Celle-ci est toujours debout. Elle l’est,
car dès que les « rumeurs » avertissant qu’un mauvais coup à l’encontre
de cette cité populaire était en préparation par la municipalité de droite de l’époque,
des militants Lutte Ouvrière dont moi-même initièrent un Comité de défense.

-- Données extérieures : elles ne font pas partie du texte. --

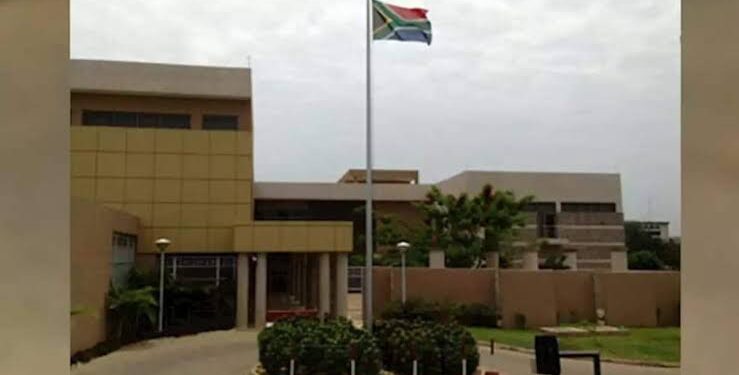 South African Consulate Denies Halting Visas for Nigerians South African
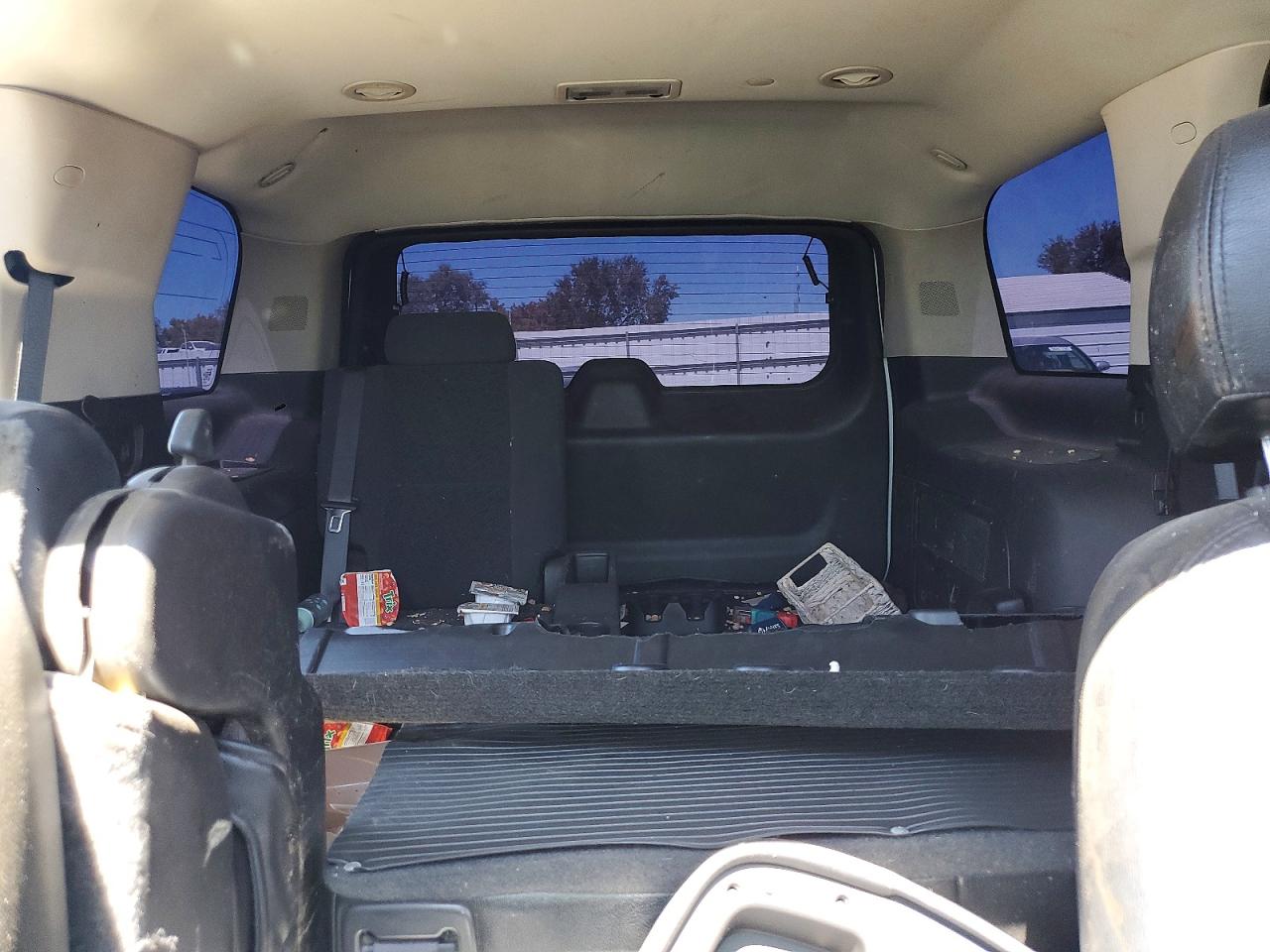 2007 Chevrolet Tahoe C1500 Белый vin: 1GNFC13J17J389450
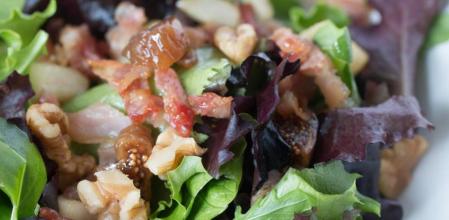 Ensalada tibia con higos, beicon y peras, ¡sublime!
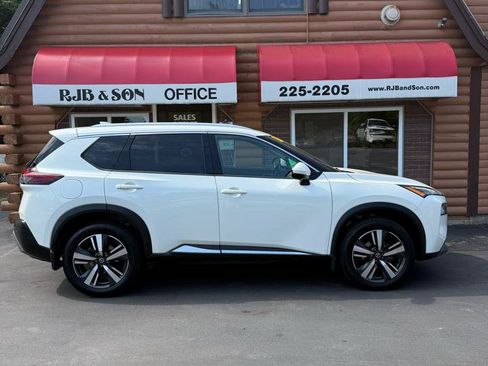 Used 2021 Nissan Rogue SL w/ Premium Package AWD/4WD image 2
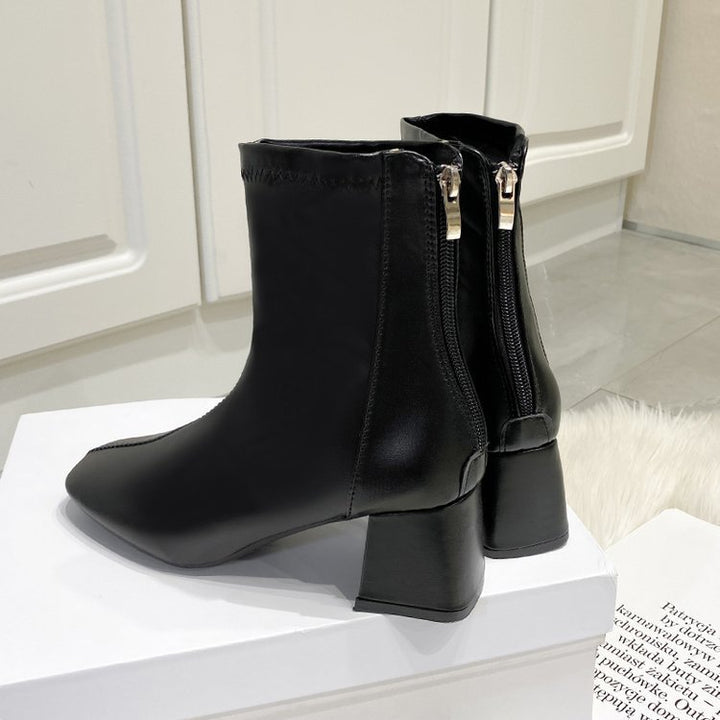 Dame Ankle Boots med spids tåområde og komfortabel blokhæl Stilla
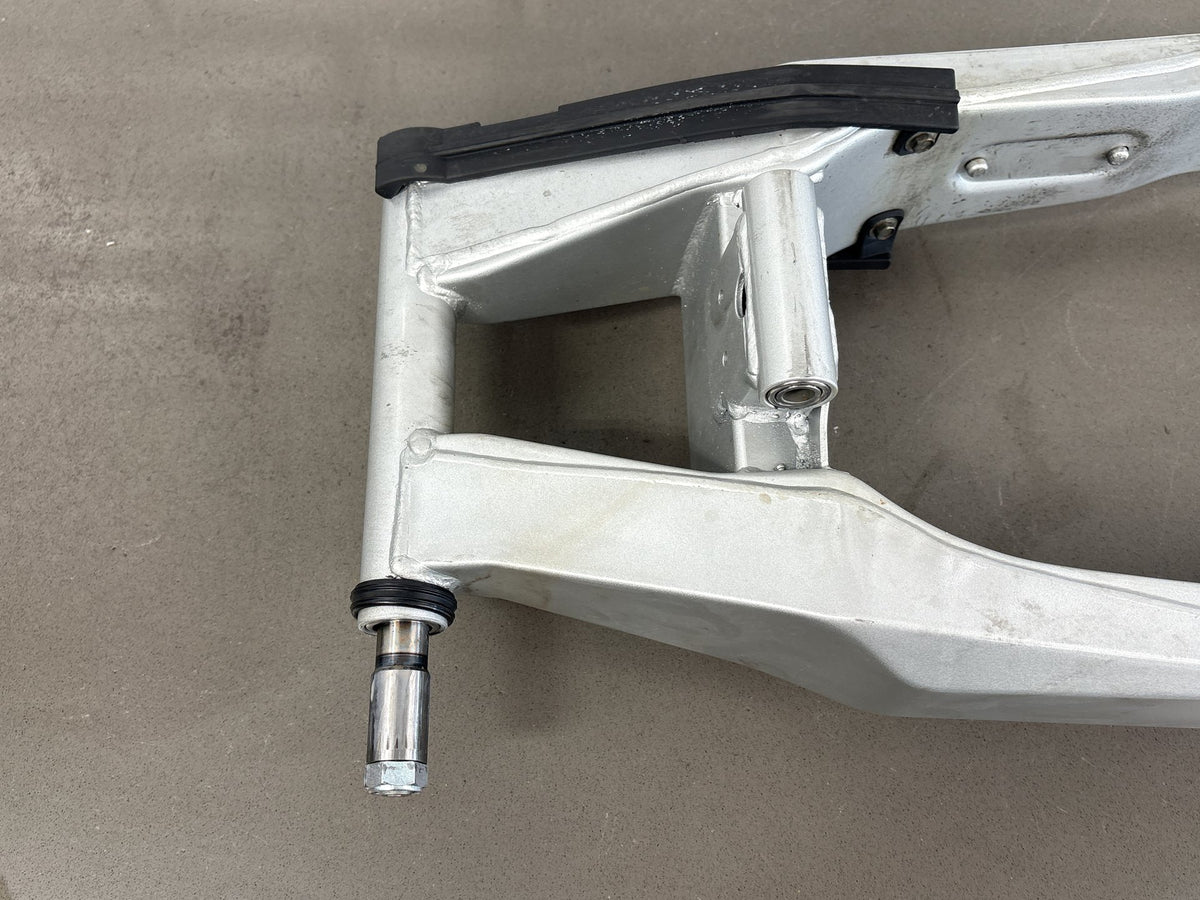 1999-2007 Yamaha YZF600R Swingarm Swing Arm Chain Slider Pivot Bolt Silver OEM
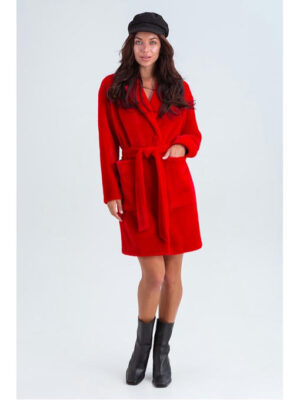 Стильное меховое пальто красное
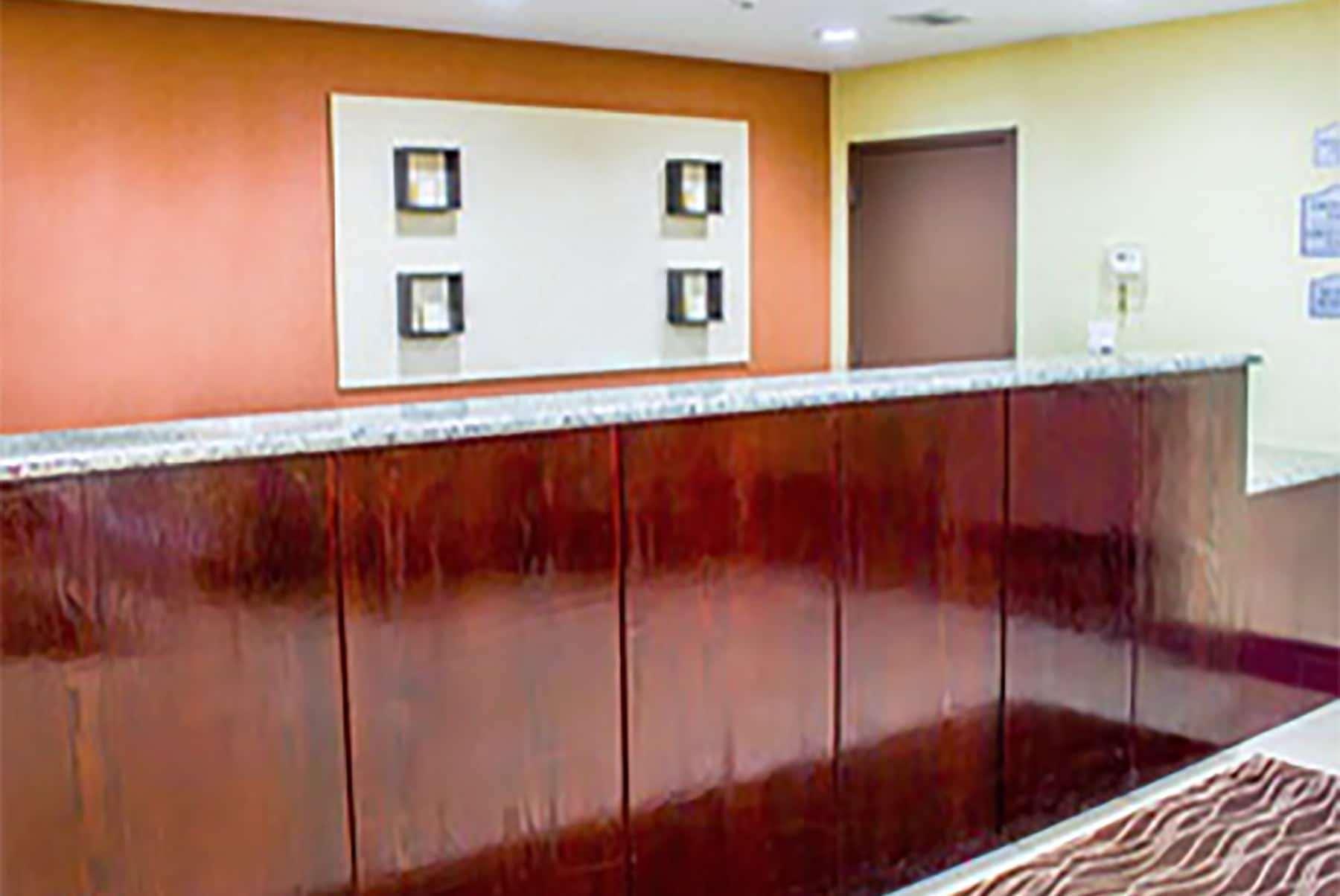 Hotel Travelodge By Wyndham Queens 3*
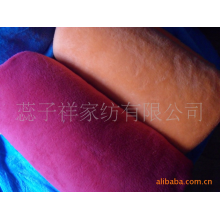 孔伟杰-生产批发各种型号染色素色超柔加厚舒棉绒毛毯及面料供应布匹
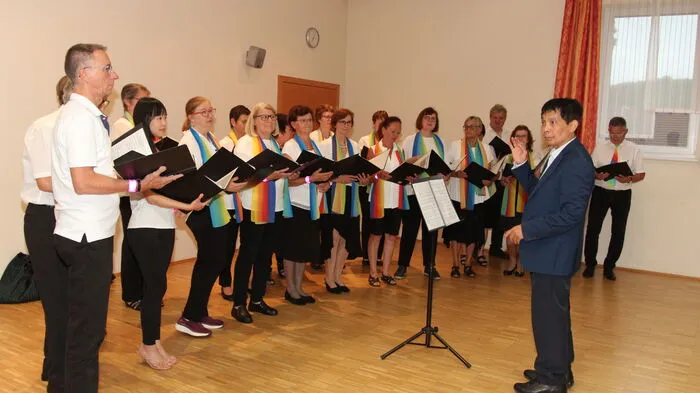 Beeindruckend war die Vielfalt der dargebotenen Lieder, die von den Chören in zwei verschiedenen Veranstaltungssälen und in der Pfarrkirche zu Gehör gebracht wurden. So begeisterte der Singkreis Stainz bei Straden mit unterschiedlicher Liedliteratur. 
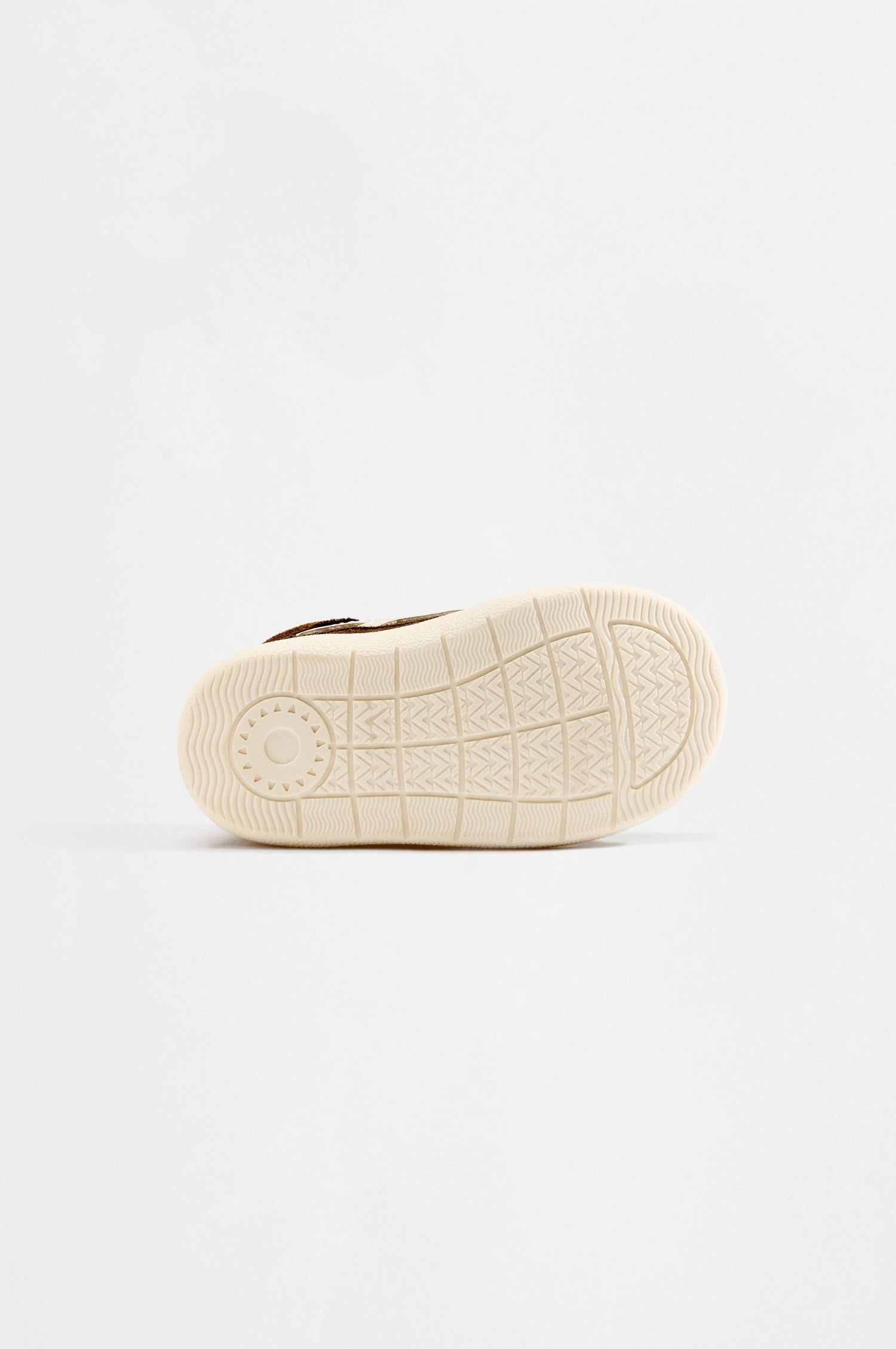 Combined barefoot sneakers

Celui-ci mena un combat difficile. Les soutiens furent rares au début. Je pense
à celui d’Alima Boumédienne, alors sénatrice de Paris. L’Amicale des Locataires
et la CNL
rejoignirent notre combat.
Ce combat fut difficile, mais nous savions
que le soutien moral de l’énorme majorité des habitants lui était acquis. Nous
pûmes le mesurer lorsque nous obtînmes plus de 85% de signatures de locataires
de Joliot à notre pétition de refus de la démolition.
Ensuite nous obtînmes le soutien du futur maire
actuel d’Argenteuil, Philippe Doucet. C’est un fait qui, à Argenteuil, facilita
que nous nous retrouvions, Patrice Crunil et moi-même sur la liste PS-PCF-Lutte
Ouvrière. La défaite de la municipalité sortante UMP se décida en partie dans
le bureau de vote de la cité Joliot-Curie. Et la nouvelle municipalité et son
maire permirent que Joliot fut sauvée, et que ses habitants soient respectés.
Ce matin, j’ai constaté que des
échafaudages commençaient à être installés pour la rénovation de la façade rue Rouqués.
Joliot est toujours debout. Nous espérons
qu’elle connaisse une nouvelle jeunesse. Et que dans les combats du monde
ouvrier touché par les difficultés, comme au temps de la « défense de la
cité », les locataires qui sont tous de ce monde, trouvent leur place dans
les futures luttes nécessaires. D. M.